---------- Records supplied
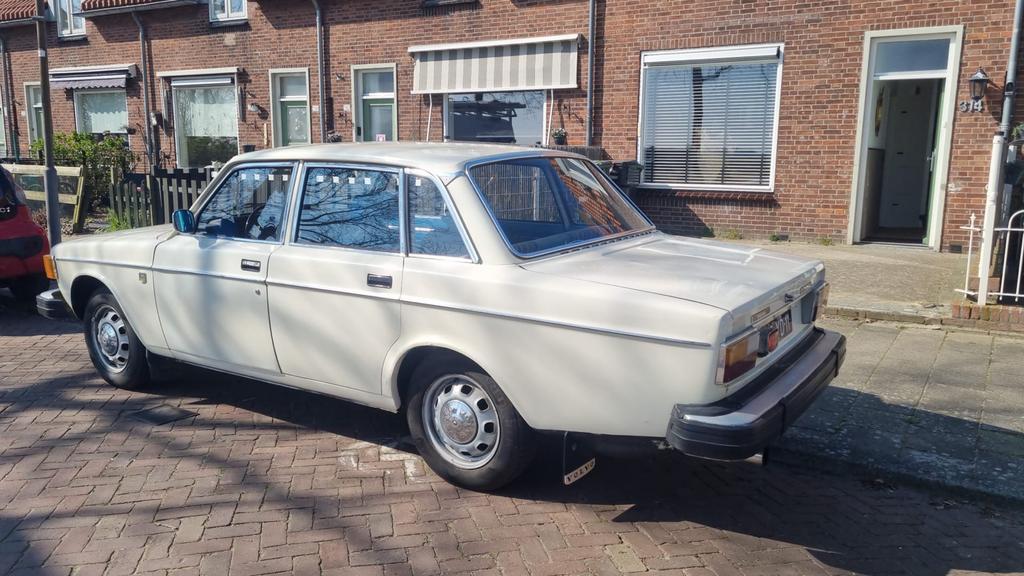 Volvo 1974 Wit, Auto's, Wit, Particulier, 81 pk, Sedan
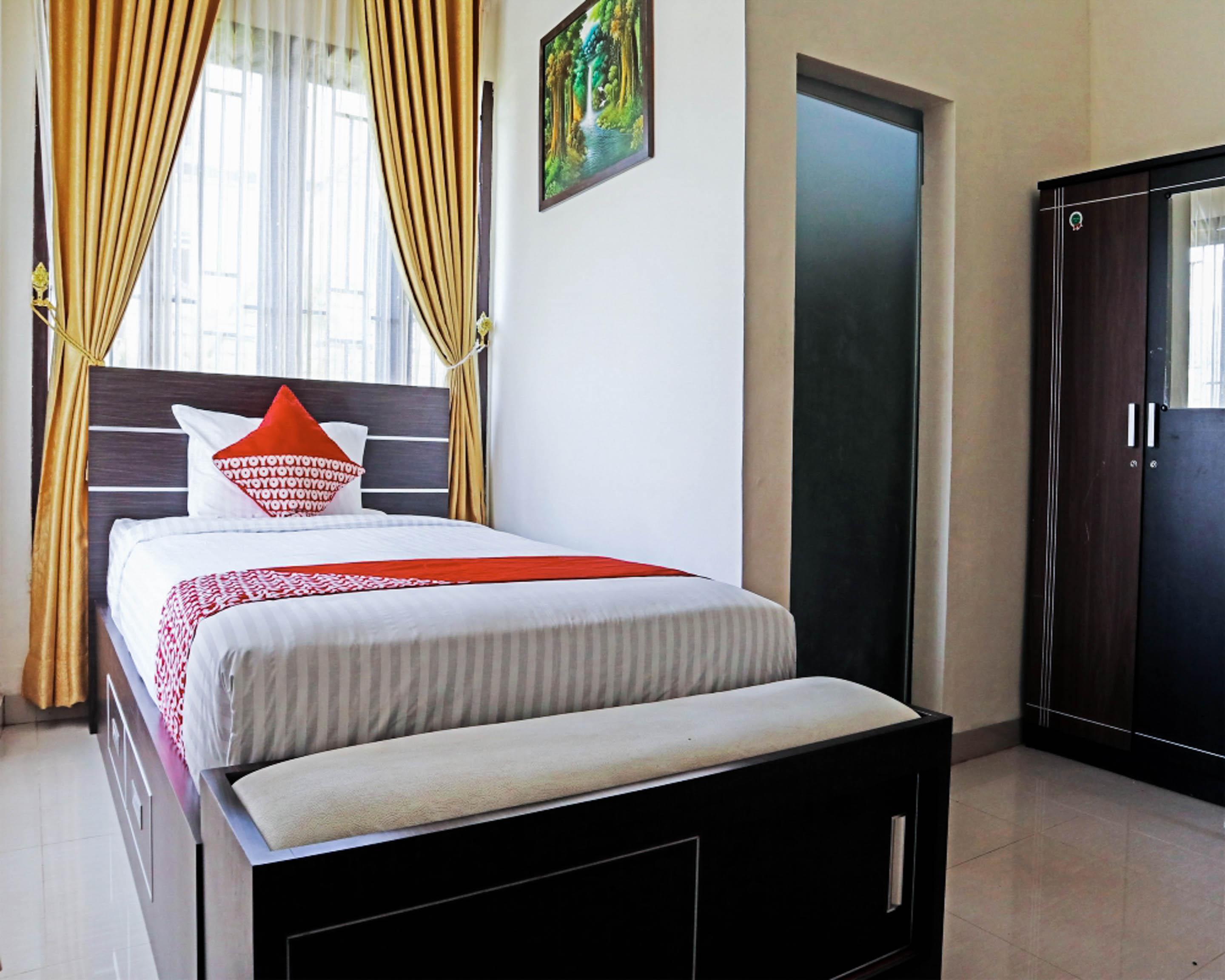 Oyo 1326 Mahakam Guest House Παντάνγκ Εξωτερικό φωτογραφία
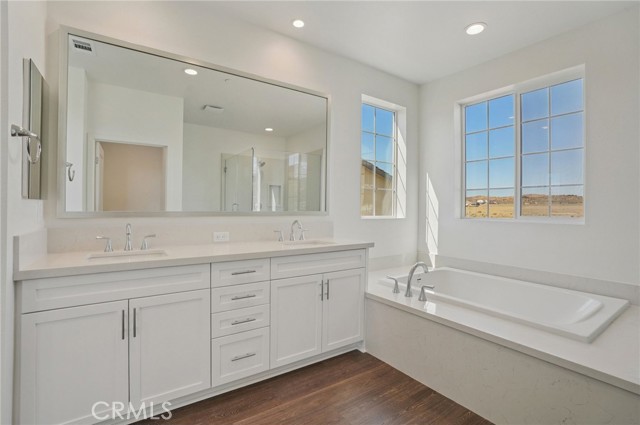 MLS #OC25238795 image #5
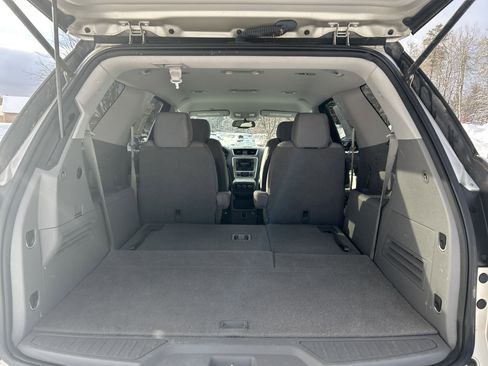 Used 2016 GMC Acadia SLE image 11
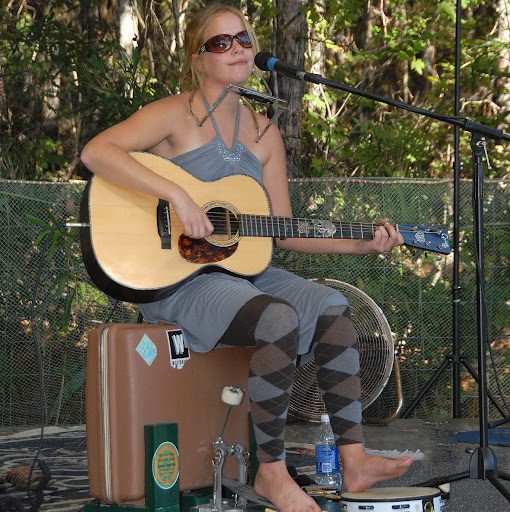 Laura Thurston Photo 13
--------------------
What is being asked | Output exactly and only the lines from the line containing "MLS #OC25238795 image #5" to the end of the entries, both included, and omit every picture.

Reply |
 MLS #OC25238795 image #5
 Used 2016 GMC Acadia SLE image 11
 Laura Thurston Photo 13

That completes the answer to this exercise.